Comment 1 Sebastian Thürrschmidt 2008-12-26 09:42:10 UTC
Corrections:

Step 4: "the (optional) Delete option" => "the (optional) Delete command"

Step 5: "There was an error deleting mountname." => "There was an error deleting temp." Of course we're trying to delete the temporary directory, not the mount point.
Comment 2 Marcus Carlson 2010-08-01 13:10:03 UTC
*** Bug 586875 has been marked as a duplicate of this bug. ***
Comment 3 William Jon McCann 2012-08-20 23:06:50 UTC
Works fine here. Is this still occurring?
Comment 4 Mace Moneta 2012-08-20 23:58:49 UTC
I'm running nautilus-3.4.2-5.fc17.x86_64 on Fedora 17, and this is still occurring, exactly as initially reported.
Comment 5 hokasch 2013-01-31 23:13:07 UTC
Still happens, as described in the initial report, with nautilus 3.6.3.
Comment 6 Cosimo Cecchi 2013-01-31 23:17:55 UTC
*** Bug 655159 has been marked as a duplicate of this bug. ***
Comment 7 Redsandro 2013-02-01 12:37:34 UTC
Report in 2008, duplicate bugs in 2010 and 2011, people confirming this in 2012 and 2013... Yet the bug is still UNCONFIRMED?

"UNCONFIRMED: This bug has recently been added to the database. Nobody has validated that this bug is true."
Comment 8 raphael.brandis 2013-11-02 13:59:05 UTC
Although the bug's status is "UNCONFIRMED", this is still happening with Nautilus 3.8.2 under Fedora 19.
I have to switch to the command line (and use rm -rf) every time I want to delete a non-empty directory on my sshfs mount.
Comment 9 Jason 2013-11-06 11:50:20 UTC
I am also seeing this issue in Nautilus 3.10.0 on Arch.

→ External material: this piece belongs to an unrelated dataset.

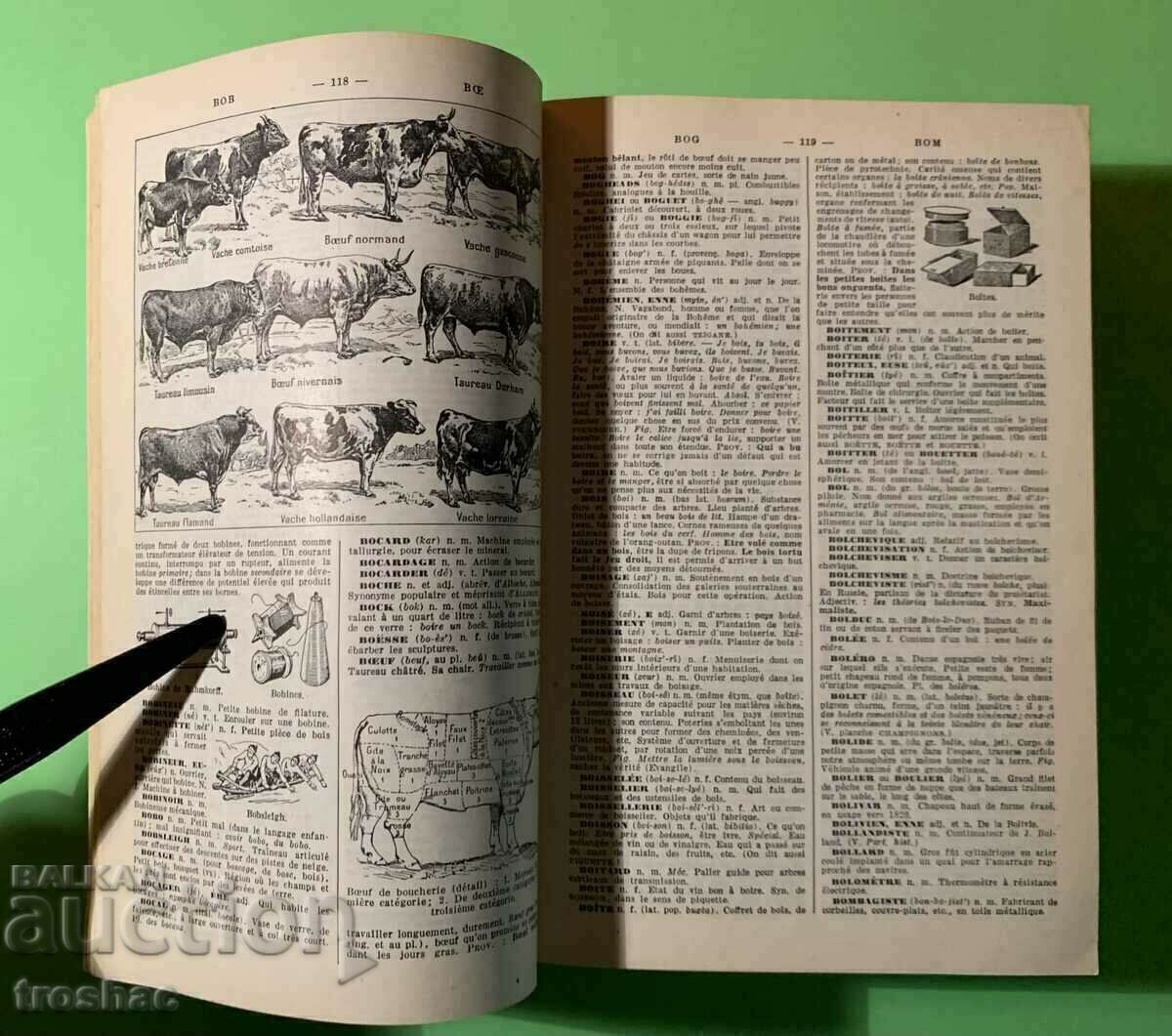 Old Book ILLUSTRATED ENCYCLOPEDIC DICTIONARY 1958 - 5 Old Book ILLUSTRATED ENCYCLOPEDIC DICTIONARY 1958 - 5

command line "rm -r" work fine.
Comment 10 Redsandro 2013-11-06 13:29:21 UTC
We are almost at unconfirmed bug wooden jubilee :D (5 years)

Since a nautilus developer marked a duplicate almost a year ago, the problem seems to be known. I am curious to hear why this is a problem to fix. Maybe the error was reported to the wrong package? Maybe it's not in Nautilus' hands?

Although the workaround is known: Nautilus should internally delete files first and then delete empty directory for sshfs.
Comment 11 António Fernandes 2013-11-06 14:11:39 UTC
Don't read too much into the "UNCONFIRMED" word. Or any other status word for that matter. They are interesting only for internal organization.

In theory, someone would review all bug reports and, if confirmed, change their stauts to "NEW". But in practice this isn't happening systematically, so UNCONFIRMED or NEW makes little to no difference.
Comment 12 Ross Lagerwall 2014-03-30 21:17:05 UTC
This is a problem with sshfs that has now been fixed. See the last few comments in bug 541714.